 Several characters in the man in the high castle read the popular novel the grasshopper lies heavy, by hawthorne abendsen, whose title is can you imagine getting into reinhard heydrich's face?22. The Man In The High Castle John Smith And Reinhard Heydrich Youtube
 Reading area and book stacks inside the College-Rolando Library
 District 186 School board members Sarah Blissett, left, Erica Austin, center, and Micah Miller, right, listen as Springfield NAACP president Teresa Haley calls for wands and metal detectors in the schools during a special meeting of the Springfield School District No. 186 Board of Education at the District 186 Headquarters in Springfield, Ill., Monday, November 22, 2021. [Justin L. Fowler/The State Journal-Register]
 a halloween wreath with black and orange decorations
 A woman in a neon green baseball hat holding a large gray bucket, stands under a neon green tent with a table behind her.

--

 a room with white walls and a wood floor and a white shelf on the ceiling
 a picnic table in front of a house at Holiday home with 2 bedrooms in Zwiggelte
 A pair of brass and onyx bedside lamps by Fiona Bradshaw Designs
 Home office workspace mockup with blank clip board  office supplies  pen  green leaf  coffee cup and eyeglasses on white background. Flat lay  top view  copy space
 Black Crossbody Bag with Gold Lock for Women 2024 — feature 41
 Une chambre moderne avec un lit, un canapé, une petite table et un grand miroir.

- Exercise goal:
Return each line of the data that contains the string "table".

- Solution for this exercise:
 A woman in a neon green baseball hat holding a large gray bucket, stands under a neon green tent with a table behind her.
 a picnic table in front of a house at Holiday home with 2 bedrooms in Zwiggelte
 Une chambre moderne avec un lit, un canapé, une petite table et un grand miroir.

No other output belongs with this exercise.